Но главные сюрпризы «Enlightenment Now» обнаруживаются чуть позже. Ссылаясь на эссе Исайи Берлина «Противники Просвещения», Пинкер обрушивается (р. 11) на романтизм, который, во-первых, не следует смешивать с «прогрессом» и, во-вторых, вообще является главным врагом Просвещения. Собственно, период, что начался после Вольтера и Канта, можно характеризовать лишь отрицательно, самые его плохие черты, по мнению автора: вера в «мистические силы», «судьбу» и… «диалектика». Несмотря на странность этого перечня, логика, за ним стоящая, очевидна: все, что не «Просвещение» и не «классицизм» с его Разумом, — все плохо, прежде всего романтизм с его «диалектикой». С точки зрения сегодняшней политической и идеологической борьбы, в которую вовлечен Стивен Пинкер, это понятно: популизм с сентиментальным культом воли, судьбы, почвы и крови — это «романтизм», а «Разум» — его главный противник.

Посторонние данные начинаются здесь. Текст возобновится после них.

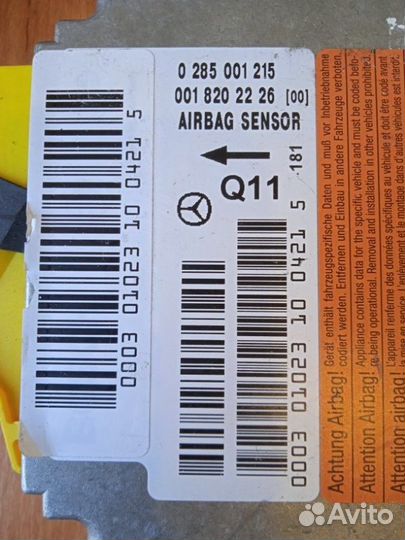 Блок управления AIR BAG Mercedes-Benz S-Class W220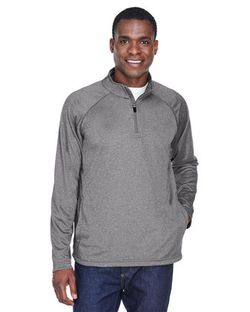 Devon & Jones Stretch Tech-Shell® Compass Quarter-Zip Pullover DG440 Devon & Jones Stretch Tech-Shell® Compass Quarter-Zip Pullover DG440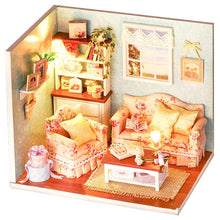 Load image into Gallery viewer, Doll House Furniture Diy Miniature 3D Wooden Miniaturas Dollhouse Toys for Children Birthday Gifts Casa Kitten Diary H013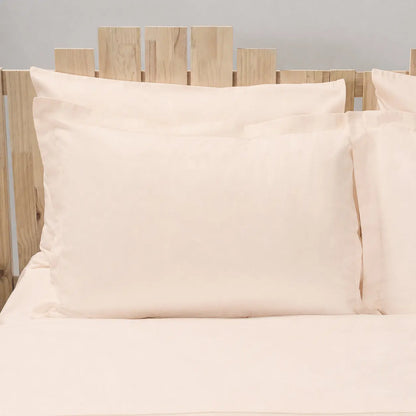 Lenjerie de pat 1 persoană Ivoar din bumbac satinat dens simplă, personalizabilă – SIMPLE VANILLA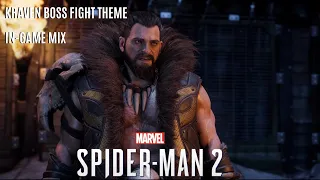 Kraven Boss Fight Theme - In-Game Unofficial Soundtrack - Marvel’s Spider-man 2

Но ведь дело в том, что «модерность» (modernité, modernity) есть изобретение именно романтизма; получается, что идея Прогресса и Вечного Просвещения противоречит модерности — типичный аисторизм, опять-таки ставящий благонамеренного либерала и атеиста рядом с махровым традиционалистом. Общее тут — страх, неприятие модерности, такой, какая она есть, нежелание ее понимать и в ней разбираться, упование на некую, ставшую уже внеисторической тенденцию, всегда правую и всегда положительную, в противовес современности, отмеченной грехом сиюминутности и несовершенства. Любопытно также, что легкомысленно заимствуя у Исайи Берлина не только список противников Просвещения, но и краткий очерк их взглядов, Пинкер не понимает, что эссе Берлина — история трансформации Просвещения, а не разрыва. Романтизма без Просвещения быть не может так же, как Иоганна Георга Гамана — без Канта. Более того, Пинкер как бы и не замечает, что между Просвещением и романтизмом стоит одна исполинская промежуточная фигура — Жан-Жак Руссо. В «Enlightenment Now» тот упоминается всего три раза, мельком и довольно странно: в первый раз в качестве одного из великих просветителей, а во второй — уже как романтик.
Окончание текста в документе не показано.